Top of PROVIDED MATERIAL

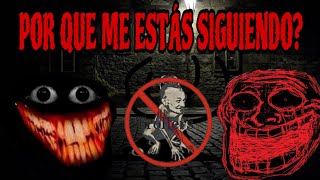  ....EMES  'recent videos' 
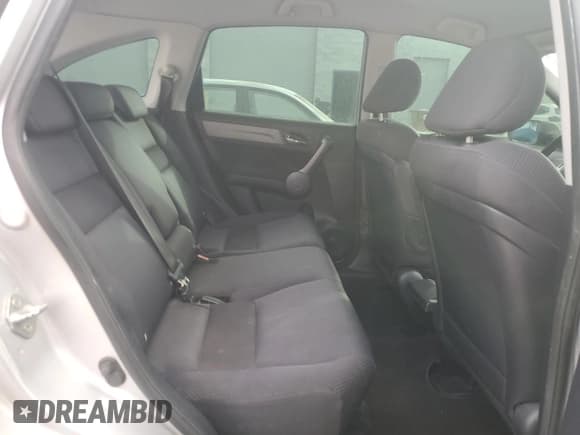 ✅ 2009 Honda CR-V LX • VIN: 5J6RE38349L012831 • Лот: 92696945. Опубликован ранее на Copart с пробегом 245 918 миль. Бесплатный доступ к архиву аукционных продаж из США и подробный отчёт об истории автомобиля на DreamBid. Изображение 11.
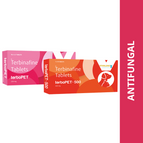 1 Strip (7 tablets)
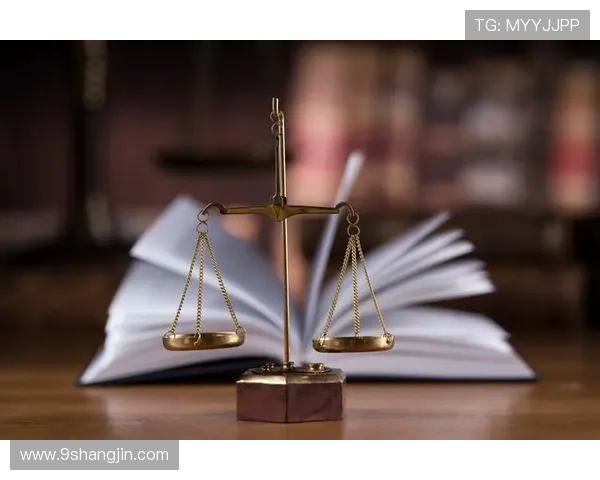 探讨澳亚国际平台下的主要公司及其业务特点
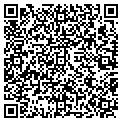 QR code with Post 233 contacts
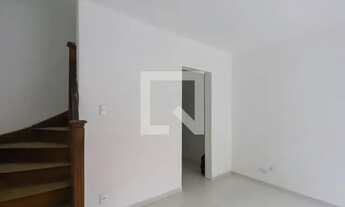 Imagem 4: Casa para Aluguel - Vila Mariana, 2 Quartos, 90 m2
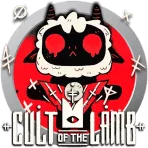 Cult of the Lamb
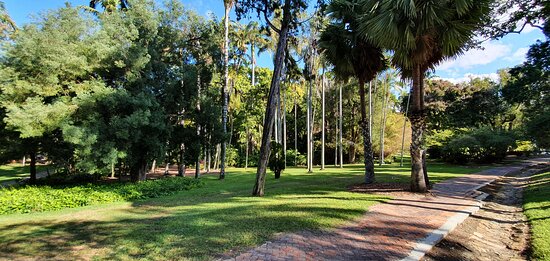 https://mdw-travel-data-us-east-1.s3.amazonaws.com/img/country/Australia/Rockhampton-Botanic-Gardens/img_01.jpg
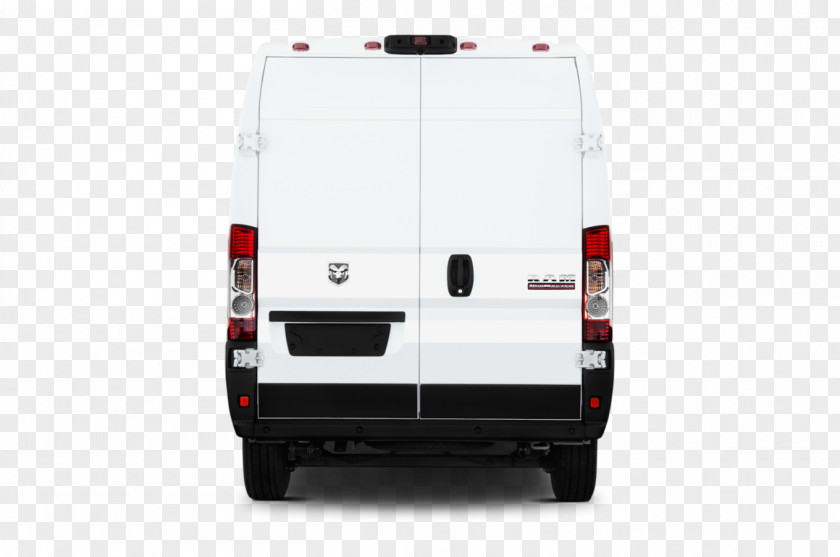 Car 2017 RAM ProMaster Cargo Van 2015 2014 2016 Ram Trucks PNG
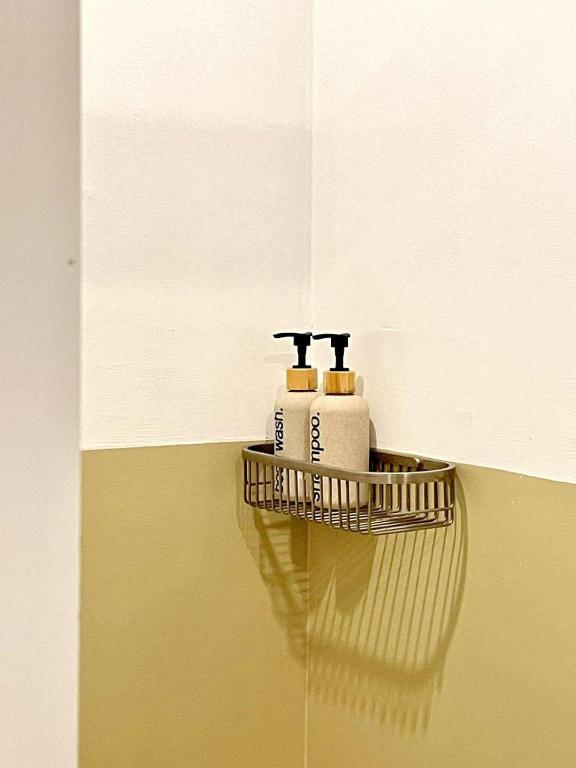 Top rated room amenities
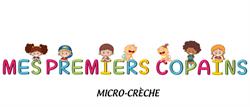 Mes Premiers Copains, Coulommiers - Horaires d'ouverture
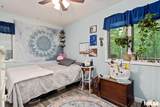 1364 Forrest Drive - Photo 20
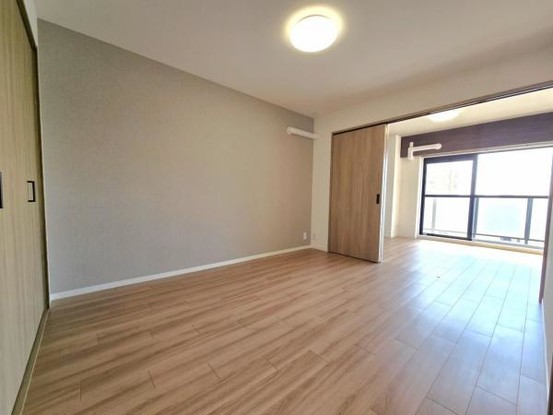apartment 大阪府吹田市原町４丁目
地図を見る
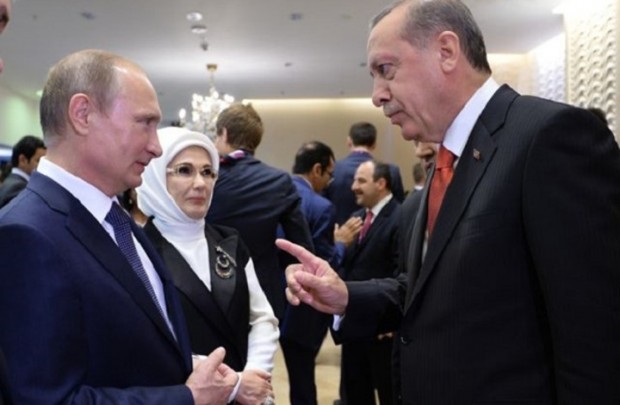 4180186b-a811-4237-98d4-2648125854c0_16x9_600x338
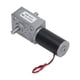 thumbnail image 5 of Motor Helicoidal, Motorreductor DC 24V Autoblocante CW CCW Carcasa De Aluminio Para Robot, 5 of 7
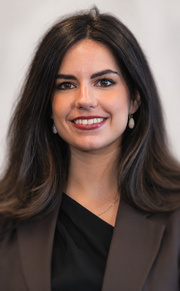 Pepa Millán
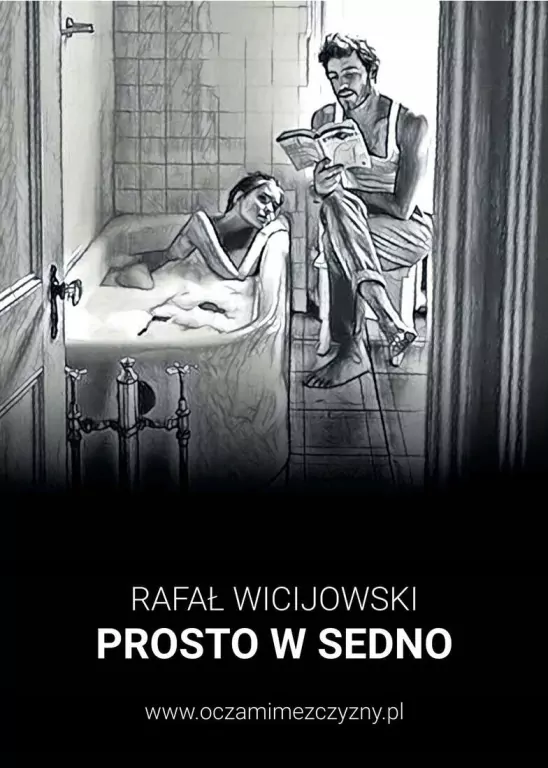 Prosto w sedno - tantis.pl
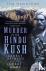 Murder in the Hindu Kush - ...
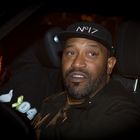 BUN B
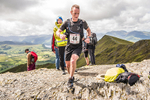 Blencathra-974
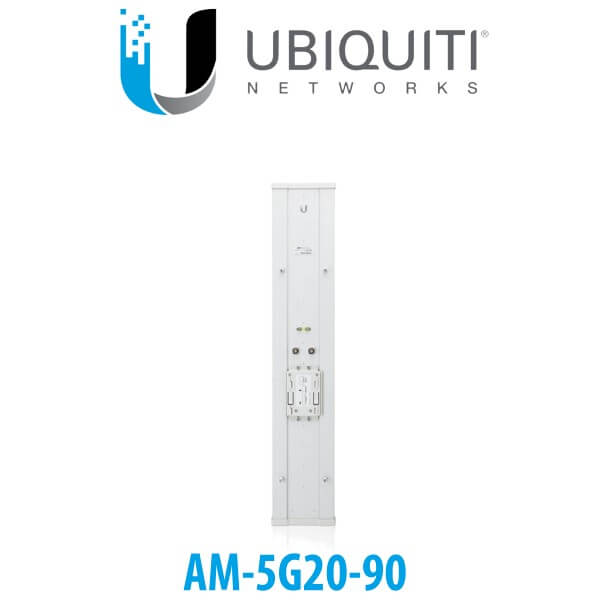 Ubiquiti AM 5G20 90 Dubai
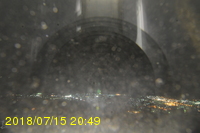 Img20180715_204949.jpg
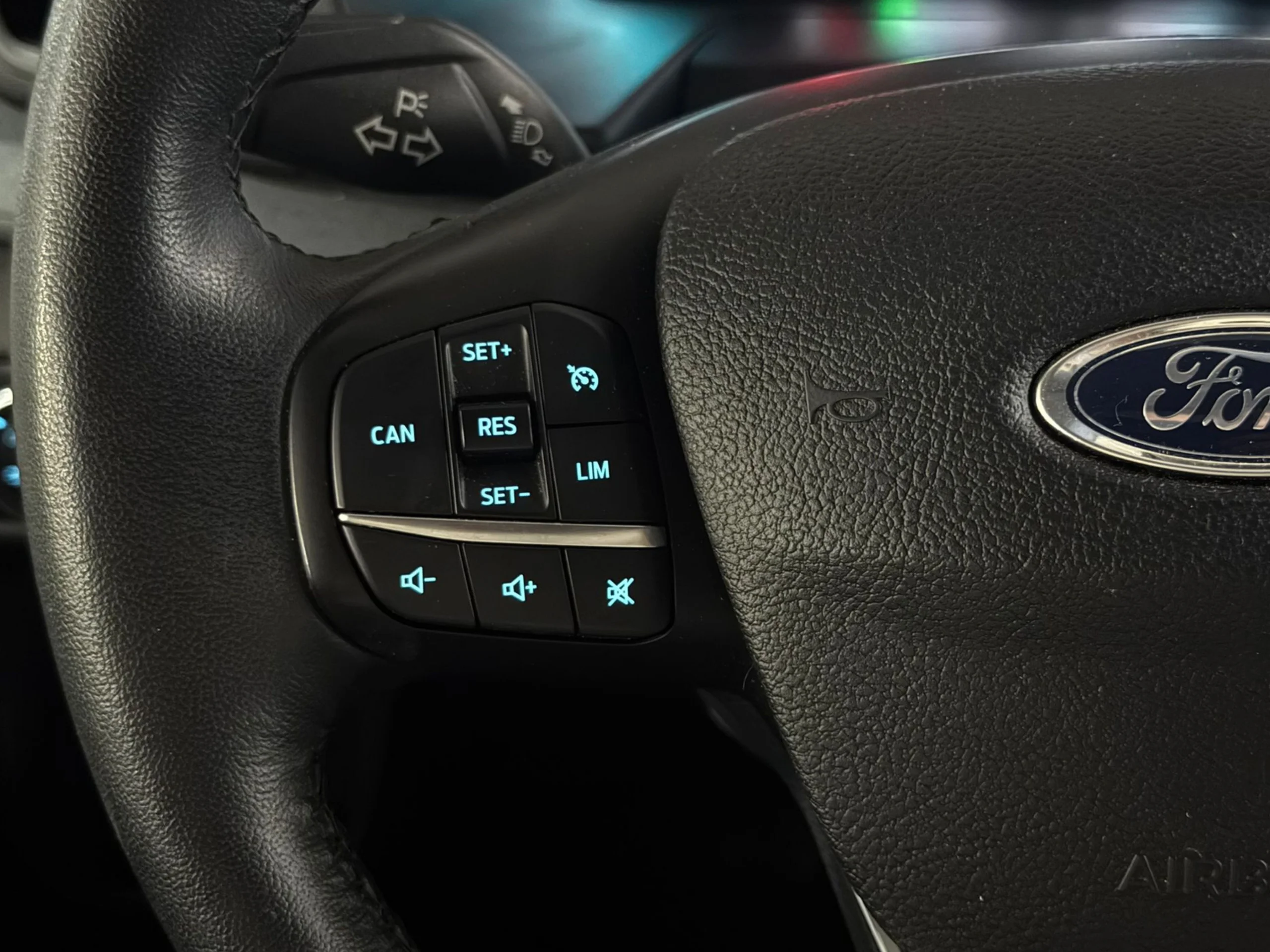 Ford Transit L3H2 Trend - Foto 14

Bottom of PROVIDED MATERIAL

Leaving the pictures out, set down exactly the lines from the one with "apartment 大阪府吹田市原町４丁目" through the end of the records.

RESPONSE AREA |
apartment 大阪府吹田市原町４丁目
地図を見る
 4180186b-a811-4237-98d4-2648125854c0_16x9_600x338
 thumbnail image 5 of Motor Helicoidal, Motorreductor DC 24V Autoblocante CW CCW Carcasa De Aluminio Para Robot, 5 of 7
 Pepa Millán
 Prosto w sedno - tantis.pl
 Murder in the Hindu Kush - ...
 BUN B
 Blencathra-974
 Ubiquiti AM 5G20 90 Dubai
 Img20180715_204949.jpg
 Ford Transit L3H2 Trend - Foto 14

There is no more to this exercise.